Right, but there are no rules in the HTML specification governing how H1 should look. It's completely up to the user agent to apply additional styles to the element. Same thing goes for a multitude of other tags like A, KBD, ACRONYM, STRONG, etc. In section 9.2.1 of the HTML 4.01 specification [1] you'll see:

The presentation of phrase elements depends on the user agent.


I am perfectly free to write a user agent that makes all text within STRONG tags 10 times larger than the normal text and flashing in red. That would provide a strong emphasis after all, and that is all the STRONG tag is supposed to do.


All the places in the HTML 4.01 specification where presentational tags are described, there is a remark saying something along the lines of "but we recommend you use CSS instead".


Nowadays, the preferred way of writing web pages is to not use HTML as a template, but rather as a document describing meaningful semantic information about the various parts of the content.

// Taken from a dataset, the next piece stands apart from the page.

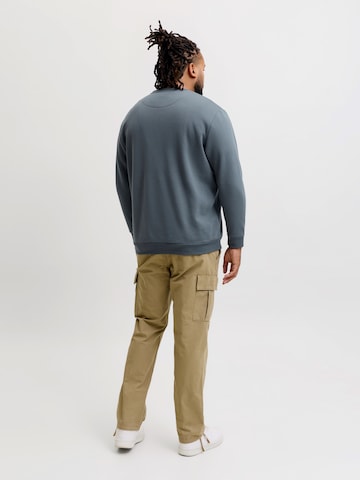 Jack & Jones Plus Mikina 'JJEBRADLEY' – šedá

It's very clear to see that HTML is moving further and further away from being used as presentational markup to being used as semantic markup.


Moreover, in section 11 of the HTML 5 working draft [2] you'll see:

User agents are not required to present HTML documents in any particular way.


This shows that HTML (in version 5) does not in any way convey presentational information. Additionally, in section 11.2 of the same document [3] you'll see:

The CSS rules given in these subsections are, unless otherwise specified, expected to be used as part of the user-agent level style sheet defaults for all documents that contain HTML elements.

That shows it is CSS that is responsible for the visual (or aural) presentation of the content.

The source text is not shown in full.